METRÔ, SÃO PAULO/ SP BRASIL

Menina muito branca sem cheiro,

lânguida e desalmada.

Outra, mais velha

cabelos negros e olhos verdes, tatuagem e decote

Não me sento ao seu lado, vago

Posiciono-me para apreciar o que se mostra dos mamilos brancos de uma vida na caverna

– meus óculos escuros na ausência do sol, de certa forma, denunciam.

Outra, em flor

Tanto na idade quanto no perfume que, semeado pelos ventos metrônicos, se espalha de forma homogênea pelo subsolo. Não fosse a mulher mais aquosa do mundo, seria difícil precisar sua origem. Entramos em vagões diferentes e desvanecemos na morte um para o outro.

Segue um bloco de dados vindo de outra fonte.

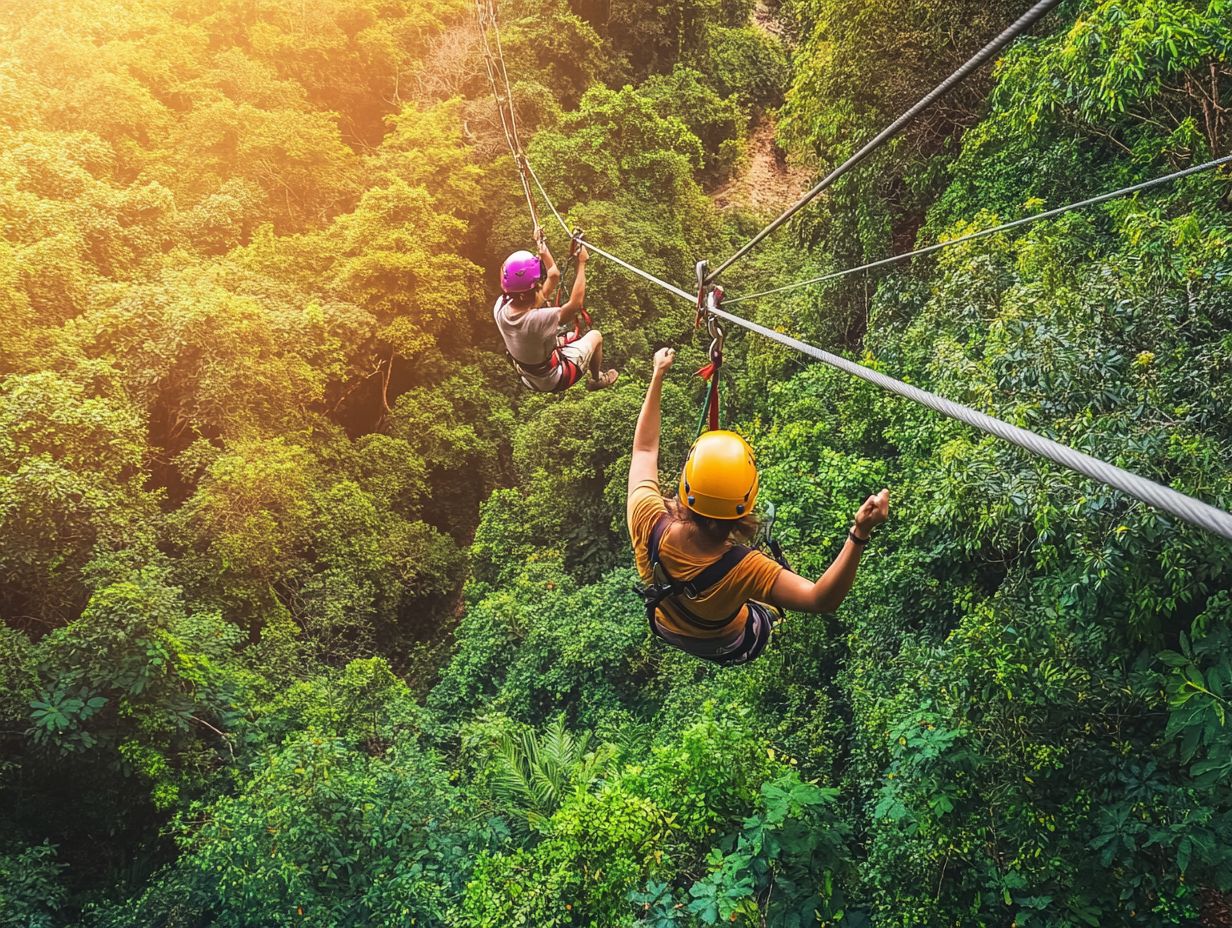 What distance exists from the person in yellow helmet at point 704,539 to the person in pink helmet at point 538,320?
2018 mm

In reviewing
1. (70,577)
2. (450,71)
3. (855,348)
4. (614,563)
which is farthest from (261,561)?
(450,71)

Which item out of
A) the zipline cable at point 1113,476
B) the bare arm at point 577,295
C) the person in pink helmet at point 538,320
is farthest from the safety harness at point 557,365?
the zipline cable at point 1113,476

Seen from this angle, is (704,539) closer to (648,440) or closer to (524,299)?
(648,440)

Parece que nossas almas não andam de metrô. Quando ele parte, elas continuam flutuando, sentadas, no mesmo ponto, em frente à plataforma. Tornamo-nos soldados do antigo império chinês, petrificados, esperando a hora de a batalha recomeçar.

No celular, um sujeito prateado e de mãos grandes coloca um som de Bob Marley para tocar.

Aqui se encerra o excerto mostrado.